**YOUR ASSIGNMENT**: List all the lines in these records that hold "TOYOTA".

(Items from a dataset)
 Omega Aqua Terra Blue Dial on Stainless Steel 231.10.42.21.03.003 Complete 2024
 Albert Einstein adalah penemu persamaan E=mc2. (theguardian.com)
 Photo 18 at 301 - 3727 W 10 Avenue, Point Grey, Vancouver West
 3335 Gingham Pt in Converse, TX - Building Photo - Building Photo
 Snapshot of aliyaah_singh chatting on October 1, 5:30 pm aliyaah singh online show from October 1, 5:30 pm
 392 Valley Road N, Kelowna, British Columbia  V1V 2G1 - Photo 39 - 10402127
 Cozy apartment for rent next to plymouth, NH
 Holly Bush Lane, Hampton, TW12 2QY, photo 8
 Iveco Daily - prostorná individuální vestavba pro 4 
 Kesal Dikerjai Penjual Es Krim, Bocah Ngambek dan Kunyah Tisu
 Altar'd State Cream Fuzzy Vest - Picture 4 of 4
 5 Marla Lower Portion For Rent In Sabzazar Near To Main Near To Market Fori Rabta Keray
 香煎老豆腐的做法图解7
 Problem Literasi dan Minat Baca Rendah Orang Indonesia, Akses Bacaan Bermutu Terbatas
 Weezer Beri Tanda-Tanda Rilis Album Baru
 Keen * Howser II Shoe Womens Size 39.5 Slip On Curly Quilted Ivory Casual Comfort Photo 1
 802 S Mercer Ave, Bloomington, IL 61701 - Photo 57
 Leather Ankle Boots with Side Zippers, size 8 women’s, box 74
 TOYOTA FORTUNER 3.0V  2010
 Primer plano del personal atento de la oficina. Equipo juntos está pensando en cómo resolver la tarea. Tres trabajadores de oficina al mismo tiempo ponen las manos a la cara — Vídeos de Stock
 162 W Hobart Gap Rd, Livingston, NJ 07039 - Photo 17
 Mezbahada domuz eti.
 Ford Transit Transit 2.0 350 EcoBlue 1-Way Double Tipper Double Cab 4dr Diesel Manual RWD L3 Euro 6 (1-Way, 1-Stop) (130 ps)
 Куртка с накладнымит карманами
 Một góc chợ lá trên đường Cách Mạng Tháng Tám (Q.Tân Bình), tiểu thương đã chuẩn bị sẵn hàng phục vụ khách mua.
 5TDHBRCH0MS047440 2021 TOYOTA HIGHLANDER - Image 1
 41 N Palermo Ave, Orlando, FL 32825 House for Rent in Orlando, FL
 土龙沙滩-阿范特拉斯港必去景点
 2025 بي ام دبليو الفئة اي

**EXERCISE RESPONSE**:
 TOYOTA FORTUNER 3.0V  2010
 5TDHBRCH0MS047440 2021 TOYOTA HIGHLANDER - Image 1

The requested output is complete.